When England’s team to play the All Blacks in Dunedin this Saturday was announced there were dark mutterings in the land where they haven’t won the World Cup since 1987. Clive Woodward was doing what he did in 1998, selecting a deliberately weak team to fulfil onerous end-of-season fixtures against strong southern hemisphere opposition.
Woodward’s side contains just eight of the men who annexed the Webb Ellis Trophy last November and there are seven changes from the side beaten by France in the Six Nations Championship in March. There are, of course, plenty of excuses. Several giants have retired, others are unfit and a couple were deliberately rested, but eight out of 15 does seem an awful lot in just seven months.
All of which helps to explain why Jake White’s first Springbok selection of the season almost managed to pass unnoticed. There are three new caps, another who has played just once — and that five years ago — and just five survivors from the side that started South Africa’s last Test, against New Zealand in Melbourne at the World Cup.
It is always the case that a new coach is given enough rope to hang himself and the South African public is in an unusually forgiving mood right now. Some of White’s harshest critics in the weeks and months to come are currently in a wait-and-see mode and unearthing statistics that support the coach’s selections.
They may even point out that 12 months ago White’s predecessor, Rudolf Straeuli, set a new record for selection by discarding no fewer than 14 of the side that had lost 53-3 to England the previous November. Certainly they have noted with sympathy the attrition rate among White’s chosen few.
Due to injury the back line that will take the field against Ireland contains just two (possibly three) of the players White would have liked to announce. Ultimately, however, the 15 who take their places for kick-off on Saturday have nowhere to hide. Merely by pulling the Springbok jersey over their heads they necessarily represent the country.

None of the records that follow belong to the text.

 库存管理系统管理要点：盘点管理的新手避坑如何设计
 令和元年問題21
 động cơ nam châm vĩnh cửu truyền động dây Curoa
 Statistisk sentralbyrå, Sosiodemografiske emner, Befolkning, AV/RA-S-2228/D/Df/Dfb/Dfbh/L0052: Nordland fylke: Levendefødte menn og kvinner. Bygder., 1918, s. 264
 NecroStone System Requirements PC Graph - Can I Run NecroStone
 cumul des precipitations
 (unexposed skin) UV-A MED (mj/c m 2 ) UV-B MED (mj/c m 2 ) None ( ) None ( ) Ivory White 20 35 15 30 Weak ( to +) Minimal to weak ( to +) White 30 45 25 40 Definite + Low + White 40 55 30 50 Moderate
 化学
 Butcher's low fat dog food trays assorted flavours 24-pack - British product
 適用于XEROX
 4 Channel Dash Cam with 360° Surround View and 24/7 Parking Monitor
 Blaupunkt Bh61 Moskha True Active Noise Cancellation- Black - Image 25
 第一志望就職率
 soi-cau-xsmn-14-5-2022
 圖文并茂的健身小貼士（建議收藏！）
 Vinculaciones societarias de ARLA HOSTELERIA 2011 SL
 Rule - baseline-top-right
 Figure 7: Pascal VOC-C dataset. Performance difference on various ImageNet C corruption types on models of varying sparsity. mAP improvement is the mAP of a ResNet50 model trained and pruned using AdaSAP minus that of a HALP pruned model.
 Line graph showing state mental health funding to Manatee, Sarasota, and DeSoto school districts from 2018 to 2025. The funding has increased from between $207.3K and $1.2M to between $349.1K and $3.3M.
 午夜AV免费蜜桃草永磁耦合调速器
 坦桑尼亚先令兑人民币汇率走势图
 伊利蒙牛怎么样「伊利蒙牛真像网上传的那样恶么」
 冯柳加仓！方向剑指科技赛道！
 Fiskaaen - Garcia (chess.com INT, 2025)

Those who remember the good old days when a Springbok team’s reputation involved something more substantial than ritual foul play may like to point to a team sheet featuring an Andrews at tight head prop and an F du Preez. This is Eddie Andrews, however, not Keith, and Fourie du Preez, not Frik.
Andrews earned his call-up by anchoring the Stormers’ scrum in the Super 12. A loosehead all his provincial life (and a lock before then) Andrews stepped into the breach that had opened with the departure of Cobus Visagie and Faan Rautenbach. He never took a step backwards and earned admiration from the cognoscenti for his rapid assimilation of the skills required to play the hardest position of all.
Du Preez is a scrumhalf in the classic manner and, after a number of false dawns, most of South Africa will be hoping that the successor to the great Joost van der Westhuizen has finally arrived.
Ordinarily, the selection of two other Blue Bulls at eight and 10 might help Du Preez to adapt to Test rugby, but he admitted during the week that he had never played with Jaco van der Westhuyzen at flyhalf and but rarely with Pedrie Wannenburg at eighth man. That’s because White has selected both in the positions they prefer rather than in the positions preferred for them by Rudy Joubert and Straeuli.
Van der Westhuizen has an immense task ahead of him to translate the form he showed on soft pitches for Leicester in England into the kind of hard-running game required in Bloemfontein. It’s one of those situations where the coach can only cross fingers, hold thumbs and hope for the best.
Wannenburg has been messed around so much by Joubert that he could be forgiven for having a shocker on Saturday, but there are strong reasons to suspect anything but. His second Test under Straeuli was that infamous Twickenham
debacle of two years ago and he was perhaps the only Springbok who could leave the field knowing he had not let his country down.
When Jannes Labuschagne departed on the back of a red card in the 14th minute, Wannenburg became a target man in the lineouts and more than held his own against Martin Johnson & Co. He was immense at the rucks and mauls, tackled anything that moved and should, at the blowing of the final whistle, have been inked into Straeuli’s World Cup squad. His subsequent omission was the most bizarre aspect of a strange squad and he deserves to make a fist of his second chance under White.
The Boks have been at camp in Bloemfontein for three weeks now and it is a fair bet that most of their back line moves revolved around the straight running of De Wet Barry. It is the unfortunate ankle injury to the Stormers’ inside centre that may
finally decide the outcome of the match. His replacement, Wayne Julies, boasts infinitely better handling skills, but will not fulfil the role of extra loose forward that Barry does so well. The change may produce a faster, wider spectacle, but that is not necessarily the way to beat Ireland. There is reason to believe that if this team, or something close to it, can stay together for a dozen Tests it will beat good sides, but this match may have arrived a little early.